GENETIC ANALYSIS OF THE MULTIDRUG RESISTANCE PHENOTYPE IN TUMOR CELLS

肿瘤细胞多药耐药表型的遗传分析

• 批准号: 5200967
• 负责人: I PASTAN
• 金额: --
• 依托单位: DIVISION OF CANCER BIOLOGY AND DIAGNOSIS
• 依托单位国家: 美国
• 资助国家: 美国
• 起止时间: 至
• 项目状态: 未结题
• 来源: https://reporter.nih.gov/project-details/5200967
• 关键词: HTC cell; P glycoprotein; Saccharomyces cerevisiae; adenosine triphosphate; adenosinetriphosphatase; bone marrow; cis platinum compound; complementary DNA; fungal genetics; gene expression; genetic markers; laboratory mouse; membrane transport proteins; multidrug resistance; neoplasm /cancer chemotherapy; neoplasm /cancer genetics; neoplastic cell; nucleic acid sequence; phenotype; protein structure function; transfection /expression vector

We have been interested in defining the major mechanisms of simultaneous resistance of cancer cells to multiple chemotherapeutic agents. One major mechanism is expression of an energy-dependent efflux pump, termed P-glycoprotein (P-gp), or the multidrug transporter, encoded in humans by the MDR1 gene. The sequence of the MDR1 cDNA led to a model of the transporter as a pump with 12 transmembrane domains and 2 ATP sites; determination of the domains of P-gp responsible for substrate binding and coupling of ATPase activity to substrate transport are the major goals of our work. Model systems based on stable expression or transient expression of mutated P-gps have been developed to assay functional effects of these mutations on drug binding, drug-dependent ATPase, drug resistance and drug transport. The creation of expression vectors able to confer multidrug resistance and the demonstration that expression of the MDR1 gene in the bone marrow of mice leads to resistance to anti-cancer drugs have enabled the development of vectors for gene therapy of cancer and other genetic diseases in which P-gp serves as a dominant selectable marker; improvements on these vectors leading to trials in animal models and eventually in patients are another important goal of our research. We have also begun to explore the mechanism of multidrug resistance resulting from selection in cisplatin of hepatoma cells and the yeast Saccharomyces cerevisiae. Cisplatin-resistant hepatoma cells accumulate reduced amounts of cisplatin by a mechanism as yet to be determined, and at least two yeast genes associated with cisplatin resistance have been isolated.
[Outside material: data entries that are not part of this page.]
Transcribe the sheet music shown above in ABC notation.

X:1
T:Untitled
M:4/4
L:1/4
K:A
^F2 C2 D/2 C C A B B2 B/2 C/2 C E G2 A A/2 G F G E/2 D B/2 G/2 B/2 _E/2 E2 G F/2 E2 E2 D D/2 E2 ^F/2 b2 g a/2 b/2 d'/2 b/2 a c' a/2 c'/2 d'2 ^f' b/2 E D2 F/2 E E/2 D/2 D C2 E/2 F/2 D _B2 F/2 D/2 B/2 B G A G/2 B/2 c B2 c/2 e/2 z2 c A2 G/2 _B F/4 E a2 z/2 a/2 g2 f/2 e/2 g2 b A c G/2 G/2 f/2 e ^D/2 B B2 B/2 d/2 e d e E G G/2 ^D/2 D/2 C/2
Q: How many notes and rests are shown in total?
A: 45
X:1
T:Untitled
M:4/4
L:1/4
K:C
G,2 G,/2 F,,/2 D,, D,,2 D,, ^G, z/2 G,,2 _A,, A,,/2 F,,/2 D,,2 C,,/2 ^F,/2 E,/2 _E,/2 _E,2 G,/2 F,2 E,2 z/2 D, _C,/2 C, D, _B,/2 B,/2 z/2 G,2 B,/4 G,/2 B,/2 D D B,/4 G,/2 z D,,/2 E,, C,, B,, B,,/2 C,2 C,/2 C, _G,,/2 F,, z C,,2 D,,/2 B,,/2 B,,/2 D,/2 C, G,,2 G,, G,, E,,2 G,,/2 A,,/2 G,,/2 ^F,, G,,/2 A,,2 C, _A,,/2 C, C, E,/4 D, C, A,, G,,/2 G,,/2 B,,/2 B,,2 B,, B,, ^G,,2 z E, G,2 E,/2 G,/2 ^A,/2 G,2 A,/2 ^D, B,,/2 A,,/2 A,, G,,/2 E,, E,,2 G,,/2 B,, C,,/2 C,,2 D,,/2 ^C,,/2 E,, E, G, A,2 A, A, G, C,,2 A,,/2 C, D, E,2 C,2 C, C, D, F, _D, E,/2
我们一直对定义主要机制感兴趣 癌细胞同时对多种化疗药物产生耐药性 代理。 一个主要机制是能量依赖性的表达 外排泵，称为 P-糖蛋白 (P-gp)，或多药 转运蛋白，在人类中由 MDR1 基因编码。 的顺序为 MDR1 cDNA 构建了一个具有 12 个泵的转运蛋白模型 跨膜结构域和 2 个 ATP 位点；域的确定 P-gp 负责底物结合和 ATP 酶活性偶联 基质运输是我们工作的主要目标。 模型系统 基于突变P-gps的稳定表达或瞬时表达 已被开发来测定这些突变的功能影响 药物结合、药物依赖性 ATP 酶、耐药性和药物 运输。 表达载体的创建能够赋予 多药耐药性和 MDR1 表达的证明 小鼠骨髓中的基因导致抗癌抵抗 药物使得基因治疗载体的开发成为可能 癌症和其他以 P-gp 为主导的遗传疾病 选择标记；对这些载体的改进导致试验 动物模型以及最终的患者是另一个重要目标 我们的研究。 我们也开始探索其机制 肝癌顺铂选择导致的多药耐药 细胞和酿酒酵母。 顺铂耐药 肝癌细胞通过某种机制积累减少量的顺铂 尚未确定，至少有两个酵母基因与 已分离出顺铂耐药性。